(Data below)
-----

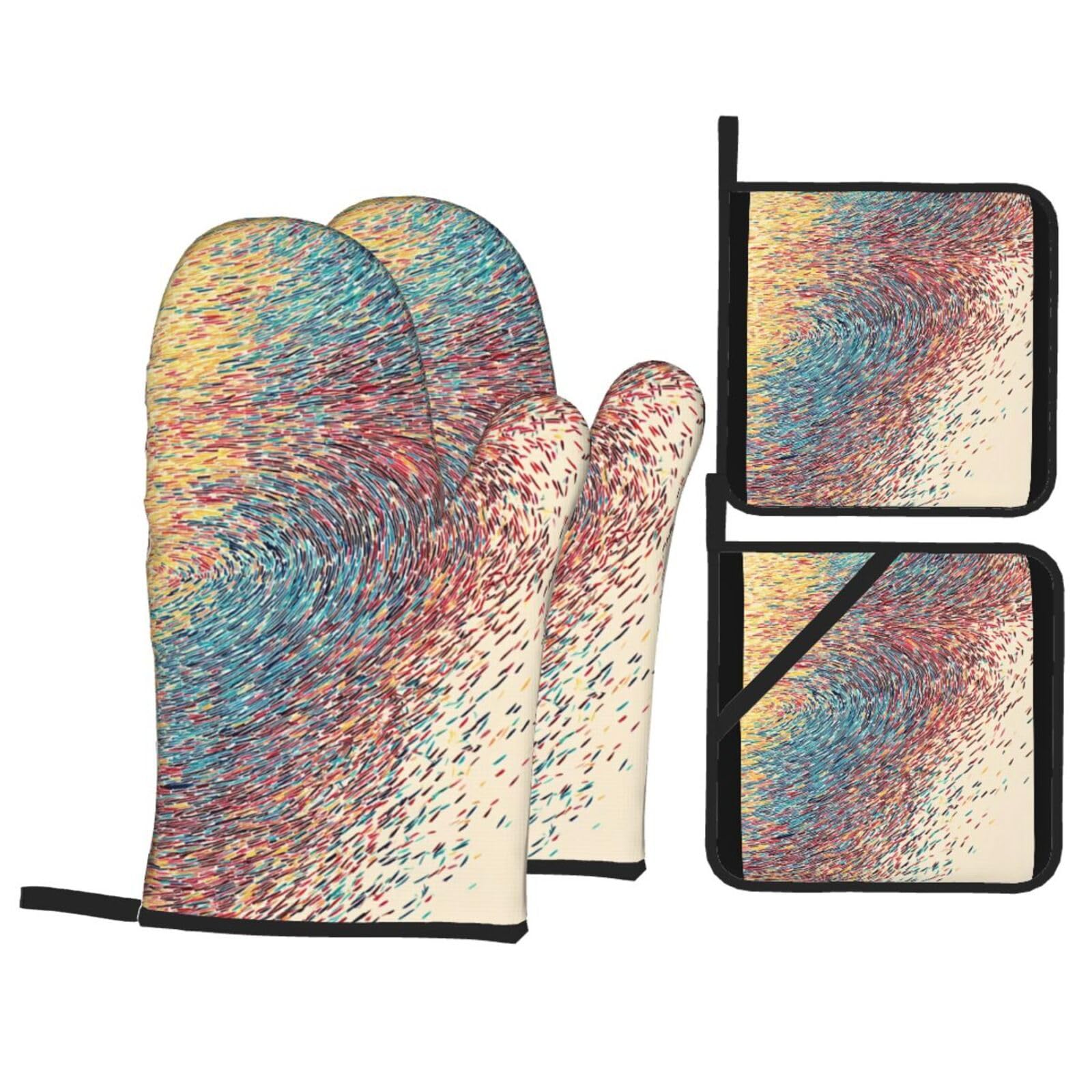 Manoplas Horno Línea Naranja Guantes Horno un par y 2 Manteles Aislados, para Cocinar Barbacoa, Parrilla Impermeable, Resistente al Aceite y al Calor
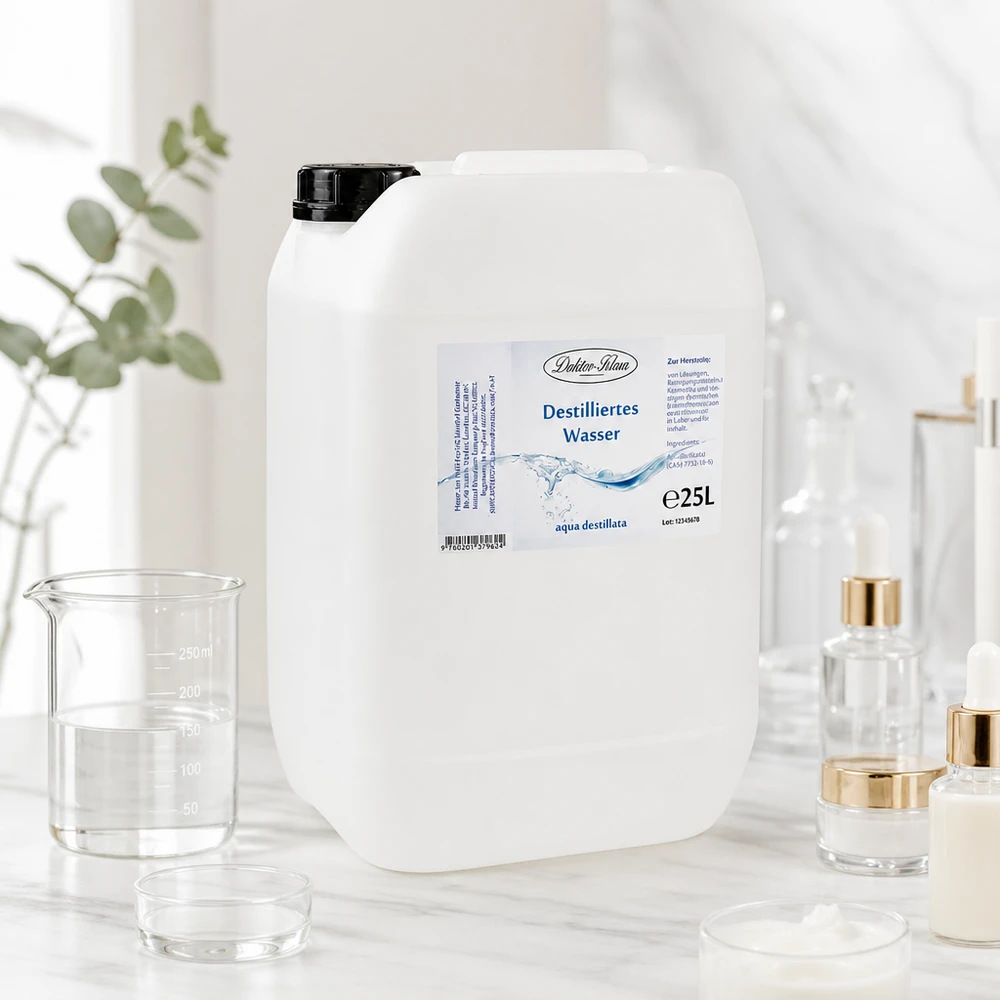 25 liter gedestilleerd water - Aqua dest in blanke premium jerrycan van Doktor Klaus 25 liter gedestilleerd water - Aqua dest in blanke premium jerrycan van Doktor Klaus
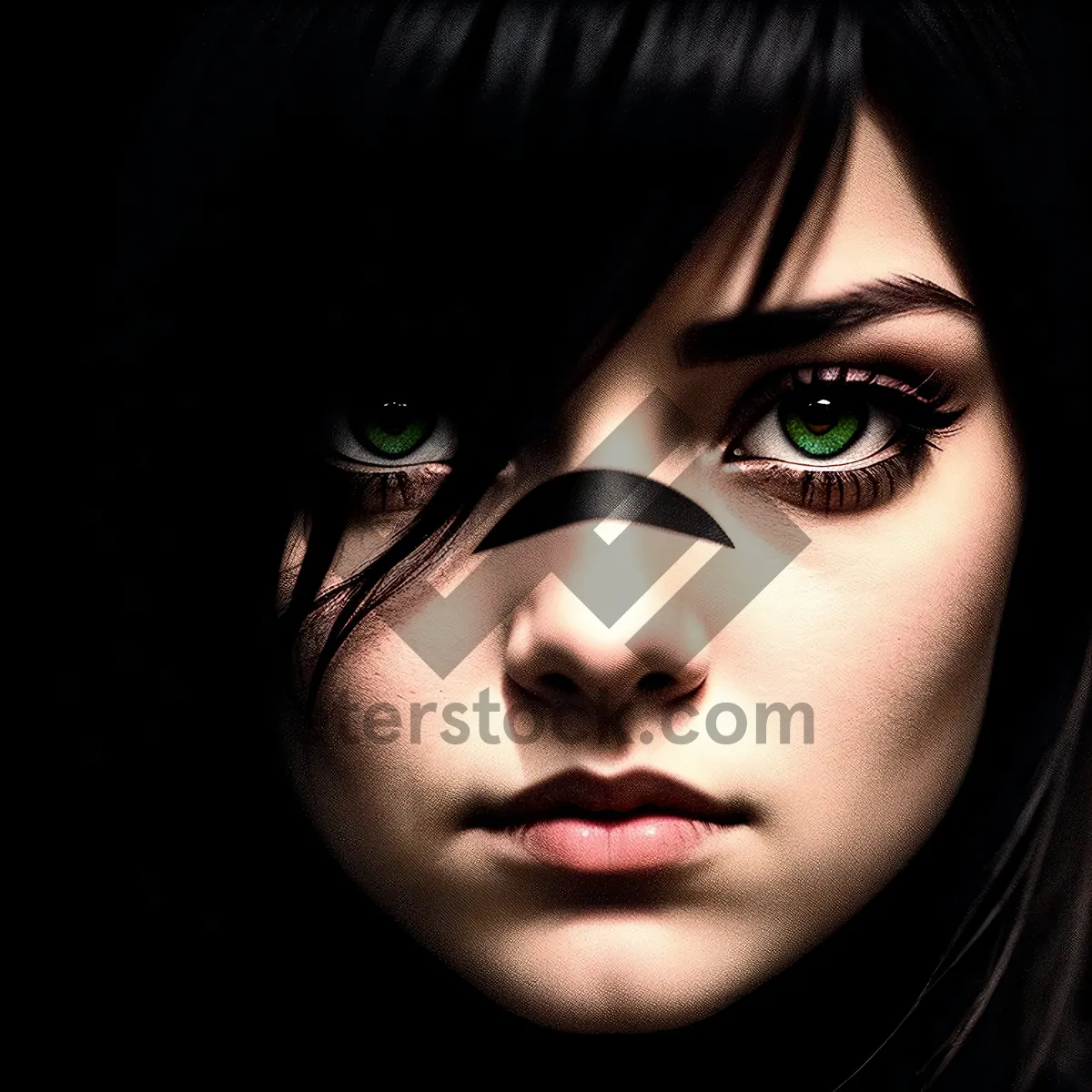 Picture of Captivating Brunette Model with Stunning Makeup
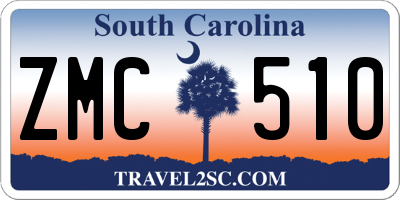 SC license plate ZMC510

-----

(What you are asked to do)
Quote exactly the lines from the line that contains "Doktor Klaus 25" through the last line of the listing, please, leaving out all pictures.

(Answer to this problem)
 25 liter gedestilleerd water - Aqua dest in blanke premium jerrycan van Doktor Klaus 25 liter gedestilleerd water - Aqua dest in blanke premium jerrycan van Doktor Klaus
 Picture of Captivating Brunette Model with Stunning Makeup
 SC license plate ZMC510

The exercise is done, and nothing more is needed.